One Thousand Member
Just gonna point this out, Rei. I may redline later if I have the time.
The boy has some very flat shoulders. He needs more downward slope in them for them to act more like the human bodies does. Also, with that change made, you'd also need to bring down the angle of the collar bone. His neck also looks really old due to the boldness of the lines for the clavicle(? Sorry, really tired at the moment.). I'll probably redline him when I get some time (After I sleep most likely.) and figure out anything else that is wrong with him.
One Thousand Member
Super Senior Member
Hey, Rei, good to see you again! :> I was really excited to see you get a thread up.
First lemme say that I really like this piece as far as mood and composition go. The poses are very expressive. I love the boy's face and the maternal mood that the other figure encompasses. It does seem like you ran into some anatomical hiccups, though.
I think you need to take a little sketch break to study how collarbones work. Right now you express the neck and collarbone in a very 2D way with lines. It works fairly alright with lineart, but it's pretty impossible to color/shade once you think about it. The forms are too undeveloped to support shading. In my redline I tried to keep that heavy definition you tend to utilize in your work in the collarbones. I like to draw them that way, too.
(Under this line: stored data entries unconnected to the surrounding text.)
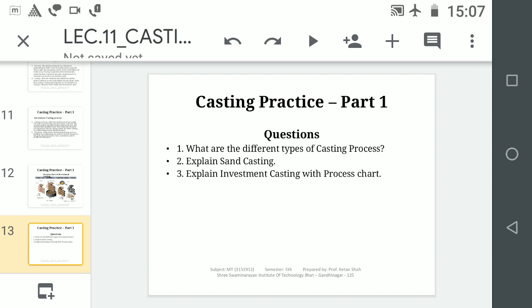There are three questions for you to answer: 1. What are the different types of casting processes? 2. Explain Sand Casting. 3. Explain Investment Casting with process charts. Thank you.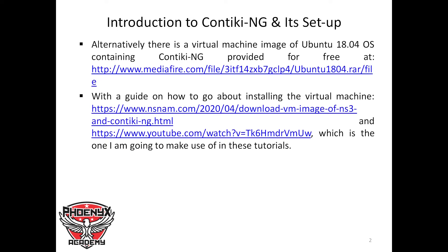Alternatively, there is a virtual machine image of the Ubuntu 18.04 operating system containing Quantiki NG, which has been provided for free at a particular link. There is also a guide and a YouTube video on how to install the virtual machine. This is the setup being used for this tutorial.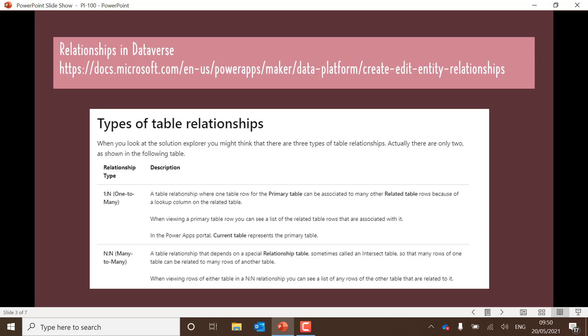So a couple of slides now on things that will help you pass the exam. One is, do look into your relationships in Dataverse. You've got the one-to-many relationship and the end-to-end relationship. But in particular, think about where you can create these relationships. You can do this in the PowerApp portal, in the main navigation, or through a table. Think about those different ways that you can build relationships and how you build them.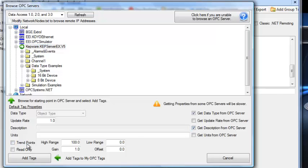We can also optionally enable Trending or set the tags to read-only, set up the high and low range, or the gain and offset for all of the tags.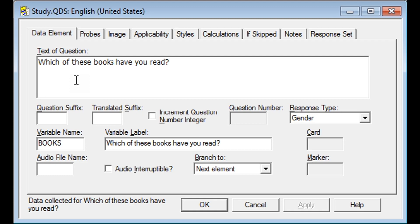In this QDS training video, you will learn how to add a Check All That Apply type question. For questions where respondents will be able to choose more than one response, you will use a data element with a Check Each response type.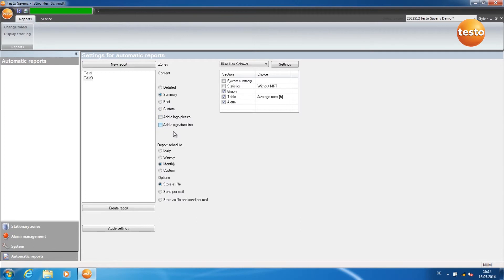Here you define the time cycle of the report. Here you can set the dispatch options.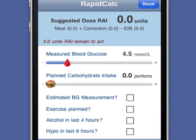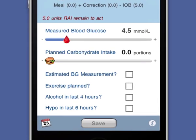I can configure RapidCalc to work in either millimoles per liter or grams per deciliter to match my blood glucose meter, and use either grams or portion sizes of 10, 12, or 15 grams for my carbohydrate intake.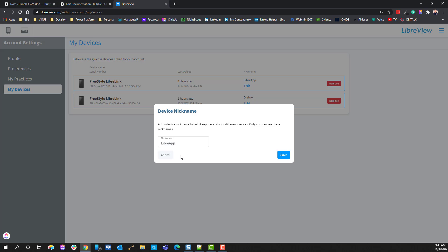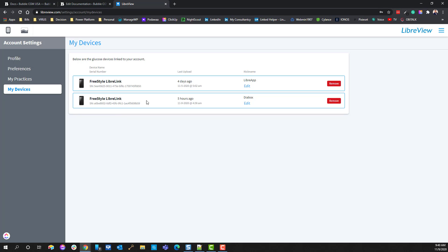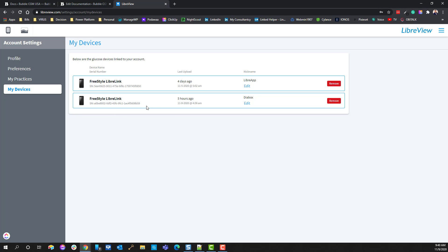So before you go ahead and add Diabox, the integration, you may want to go ahead and give the nickname LibreApp to the only item that would be connected. And then after you've connected your Diabox app, you'll want to go ahead and name it as Diabox. You don't have to necessarily do that, but anyway then.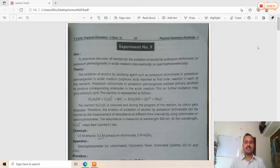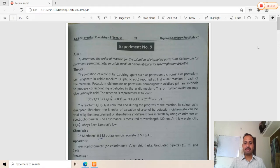The apparatus required includes a spectrophotometer, volumetric flasks, graduated pipettes of 10 ml and 2 ml.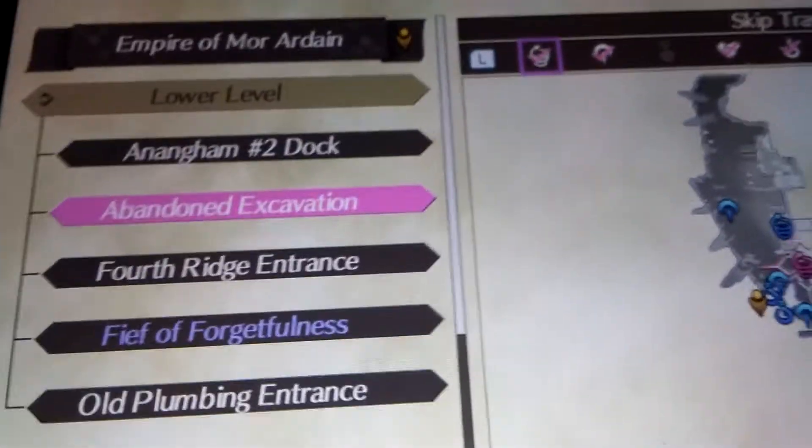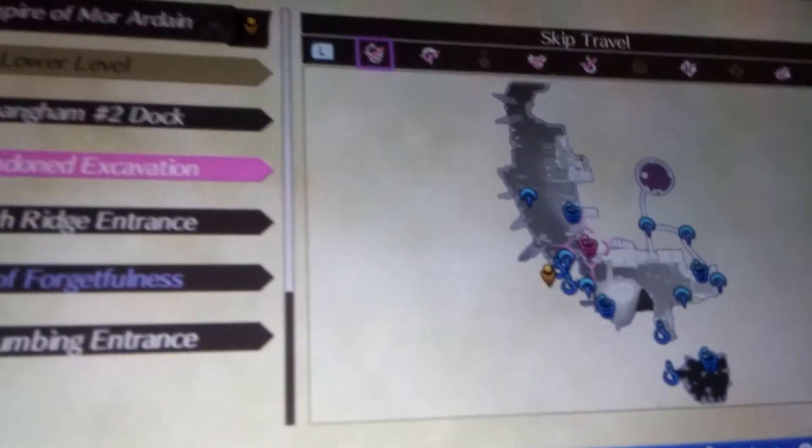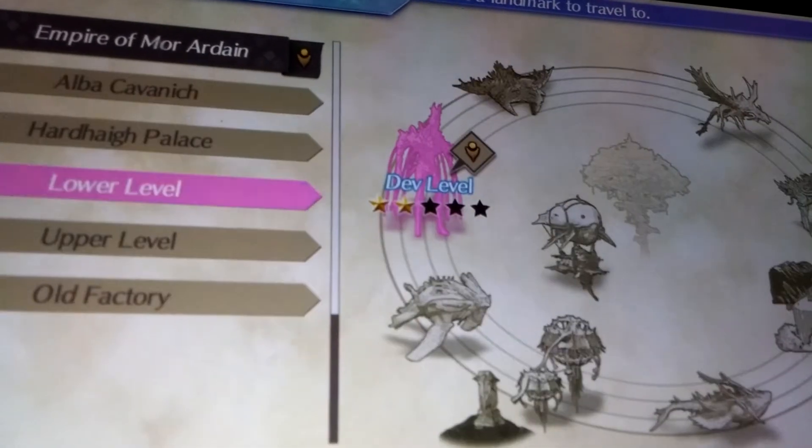Hey guys, Nick. Sorry for the real quick video, but I actually found a small glitch in Xenoblade 2.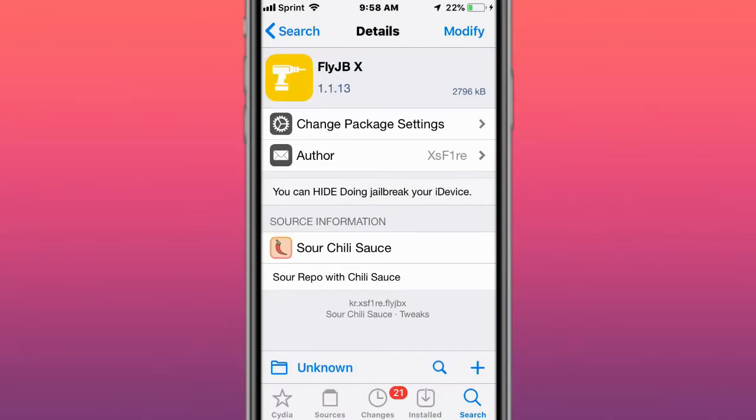This is called FlyJBS. You can hide your jailbreak on your iOS device. It's basically a jailbreak detection bypass tweak.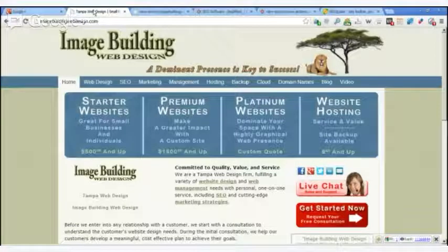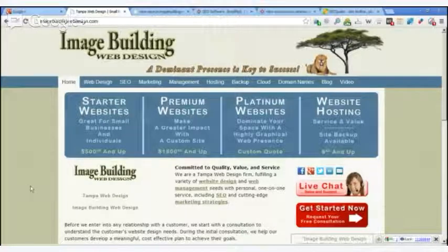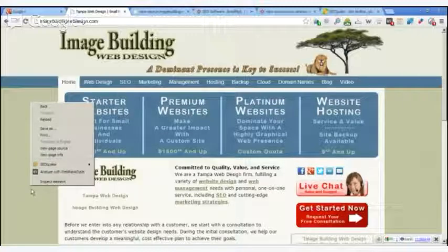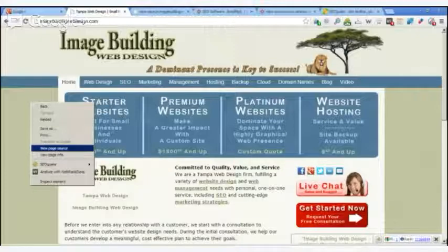I'm going to show you how to look at the source of that page. The source is the programming language, you might say, that is used to create the page. You can come down to the content area of the site — on a PC, right click and go up to view page source. I'm on Chrome right now — view page source. That will open up another window with the programming language. As you look just a little bit down on the page, you will see some lines of code that begin with the word meta — M-E-T-A. It says meta name equals keywords, another line meta name equals description, and then another line it says title.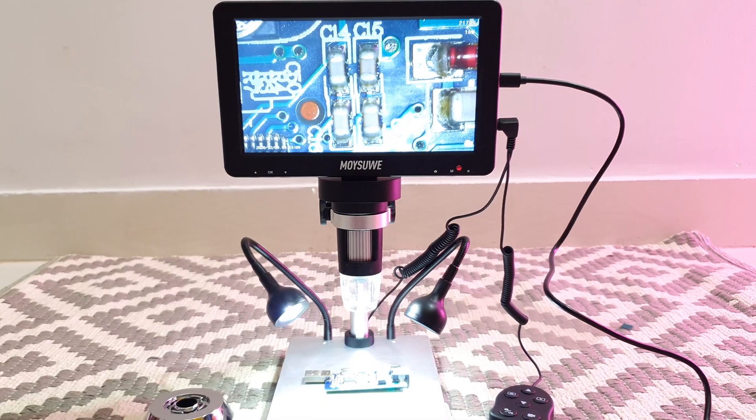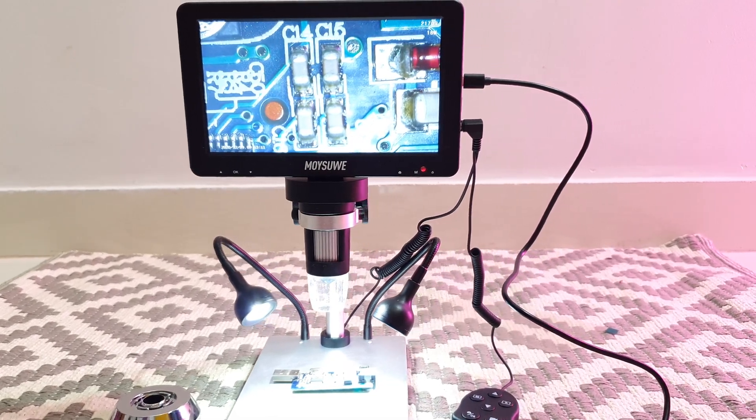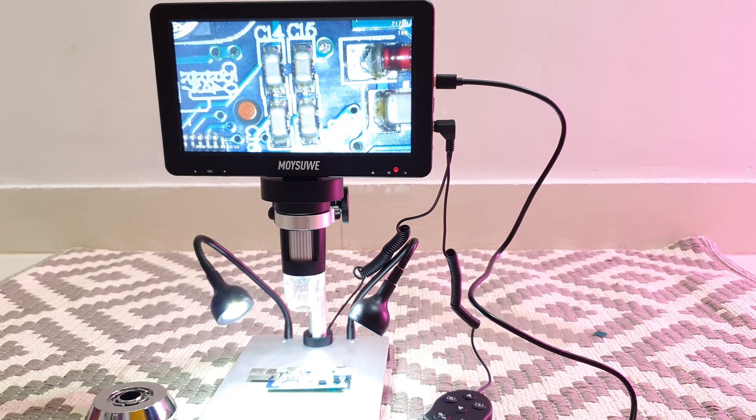This is the Moisoovay microscope and we're going to review this. Welcome back to Artic.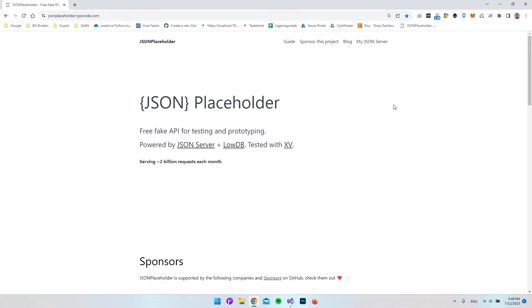Hello and welcome to this short video where we will connect to an API using Blazor. It is a pretty simple API request that we want to send, then get some JSON back and display it inside our Blazor server app.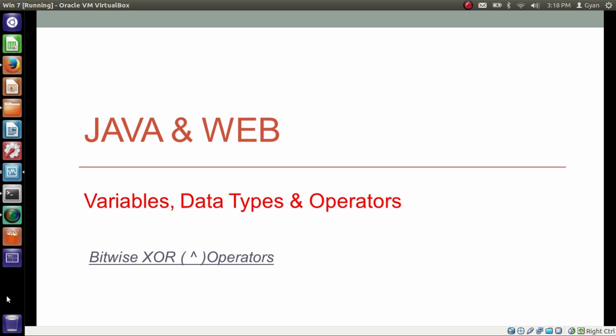In this video we will learn about the bitwise XOR operator, also called bitwise XOR operator. This operator is denoted by the caret sign.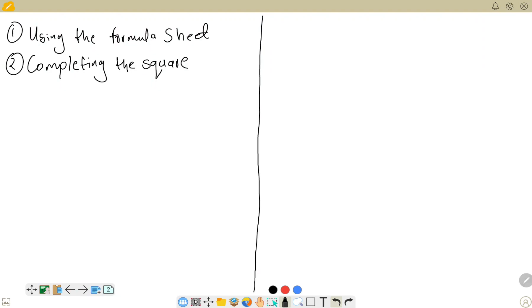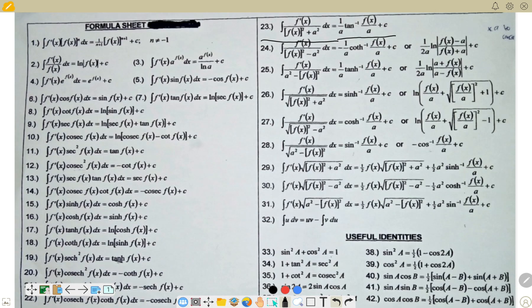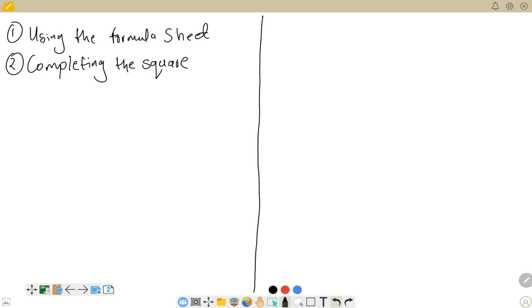Hello guys, this is your tutor from Wana PE. In this video, we are going to be looking at integration using the formula sheet and completing the square. This is the formula sheet that we are going to be using when we are dealing with these integrals. So let's look at Example 1.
For specific suggestions on this, I would suggest that you "push" the collarbones together so that gap in between them isn't so wide. Also try to avoid extending the line of the collarbone out all the way to the shoulder. Anatomically, collarbones literally do wrap around the shoulder, but it is a little hard to see and shouldn't be defined with line. As for the neck, don't connect the jaw to the center of the collarbones with a single line! There is a complex working of muscles in the throat/trapezius area, and I think there are hundreds of ways to stylistically define them! Your current method is causing the throat to seem flat and almost hollow in your coloring. You definitely don't have to be as detailed as I tend to be with necks (which is just out of habit now, orz), but I really do think it would benefit you greatly to experiment.
The woman's lower figure seemed to be conflicting with her upper figure. In order to have breasts that big, a body has to have some weight on the bottom to balance things out, right? So truly all I did was add some fat on the edges. I also rounded out the shape of the breasts so they were more natural-looking. As a side note, leave some room for the deltoid and pectoral muscles--basically, just try to avoid extending the lines from the chests in your figures so close to the shoulders. The closer the armpit line gets to the shoulder, the more 2D the form looks.
I also just gave the boy a less boxy figure so it didn't conflict with the fluid shape of the woman. I disagree with Jai's shoulder critique for him because it looks like he's scrunching his shoulders upward, am I right?
Lastly, with her face, I just lowered the eyebrows and pointed the chin to make it work with the downward-pointing perspective you have going on. It makes her face look a little more organic, in my opinion.
Also, sorry for my poopy lineart, haha. You've told me before that my sketching style is really wispy and soft, so I just put a sharpen filter over it so it didn't argue as much with your existing lines. XD
Also, forgive me if none of that made sense. OTL
Last edited by Celestial-Fox; 07-29-2011 at 06:25 AM.
Dude, your linework has gotten craaaaaazy off the chain, I'm envious!
999 Knights Member
When sparky says that he is envious of your line-work you might as well call Chuck Norris a pussy!!!
Originally Posted by GunZet
Wow, I so want the same 2006-2010 chart as you.
How much did you draw during that time frame? What books did you use? How did you get so FRICKING good?!
Thank you for the crits everyone, especially Seef D:
And @Leannah: I drew pretty much every day, and hounded people for crits on the old MT. I used no books, i just copied people who had stylistic things that I wanted. Its not that amazing OTL
I can't figure out how to continue coloring this, so... If someone out there can help, i would be grateful.
Ruler of the Seventh Empire
I'm not the biggest color person, but I can toss a few tips on it. There's that large body of water that makes up a good percentage of the background, so you want to put some extra attention on it. Meaning toss in some more detail, get rid of those black lines, and replace em with darker blues or highlights. Speaking of highlights, add more highlights, use some ref pics if you have to. That also goes for the tube Tei is in, give material a bit more thought. Judging by the upper background, it's sunny out, so do more with lighting the skin and everything, that'll bring it out a lot more, along with darker contrast on the characters.
That's about all I have to say, just unflatten the water, and add some better contrast with deeper colors and more highlights.
101 Dalmations Member
But you are a "person of color" ;D -drum roll hi hat-
Originally Posted by GunZet
@Rei: Like Gunz said, add more highlights. The picture in general is pretty dark, and the light that IS there, I cant really tell which direction its coming from. MAKE THAT WATER SHIMMER!
A color redline (lol):
The main thing is that there isn't enough contrast and highlights. Also try being less monochromatic with colors. Don't be afraid to try different color combinations to shade.